This study begins by documenting the differences between CTAs/MFFs and hedge funds and mutual funds, starting with the legal and operational differences. Next, it conducts a performance analysis, which indicates that CTAs and MFFs, as standalone investment vehicles, provide returns that are higher than the average market returns in bear markets, while carrying lower risk. The strong standing of CTAs and MFFs in bear markets earn them their reputation as “downside risk protectors.” CTAs and MFFs are profitable individual assets but adding these funds to classical asset portfolios enhances portfolio performance significantly. This feature makes them strong hedging assets. As expected, their performance is below that of standard assets in up markets.
Chapter 4 finds that the superior performance of CTAs and MFFs can be explained by managerial skill. Positive and significant Jensen alphas are evidence of good performance; moreover, the persistence of the Jensen alphas is supported by both parametric and non-parametric tests. Incentive fees and fund age are found to be positively related to managerial skill, while (somewhat surprisingly) management fees are found to be negatively related to it.

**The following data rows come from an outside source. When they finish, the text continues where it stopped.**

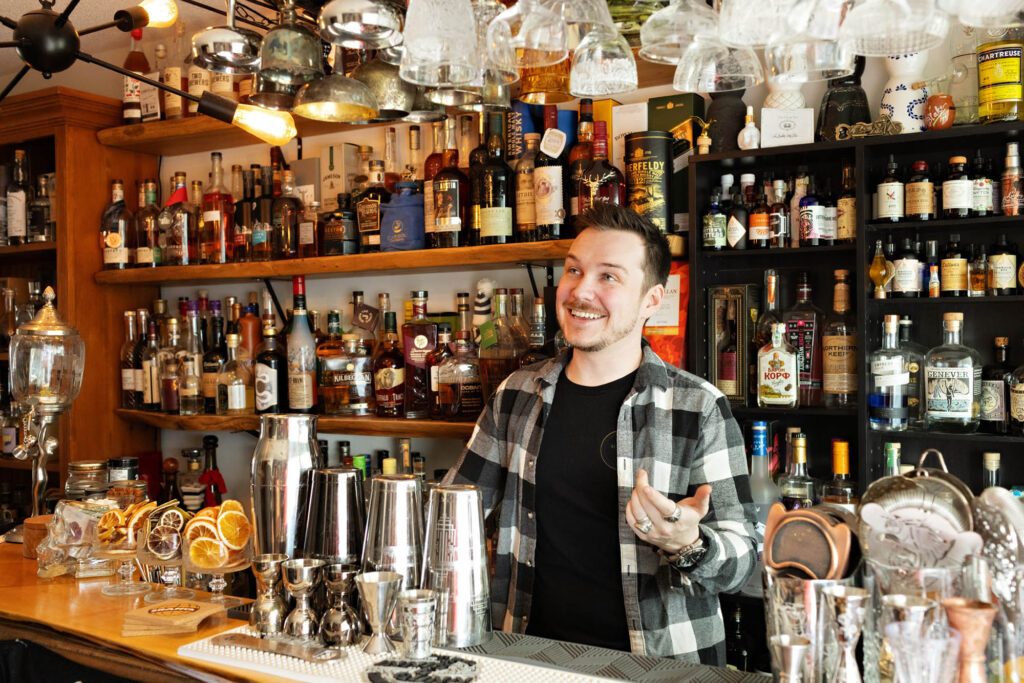 Blake Canning | Bartender Atlas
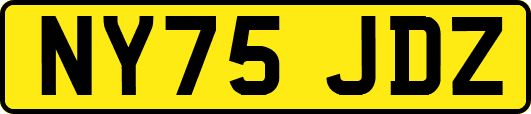 NY75JDZ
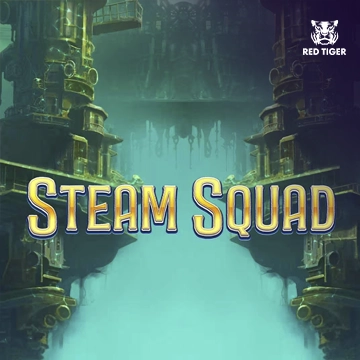 Redtiger : Steam Squad - SPACEMANSLOT88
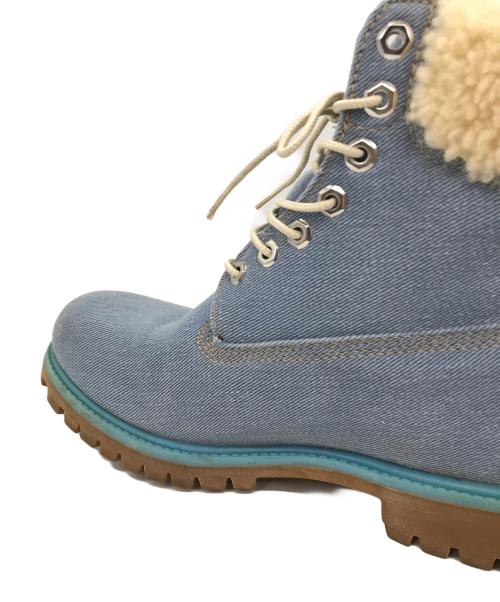 Timberland（ティンバーランド）Timberland (ティンバーランド) JUST★DON (ジャストドン) 6 PREMIUM BOOT ブルー サイズ:27の古着・服飾アイテム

Chapter 5 finds that many financial and macroeconomic factors are statistically unrelated to CTA and MFF performance. However, the value premium (HML) factor and industrial production growth (IPG) are correlated with their performance. HML has a relation effect on one-month-ahead fund returns, whereas IPG has a negative association with them. Nonparametric tests support these results marginally. Overall, these findings suggest that both CTAs and MFFs use well-known and well-established predictors of expected returns to generate their alphas.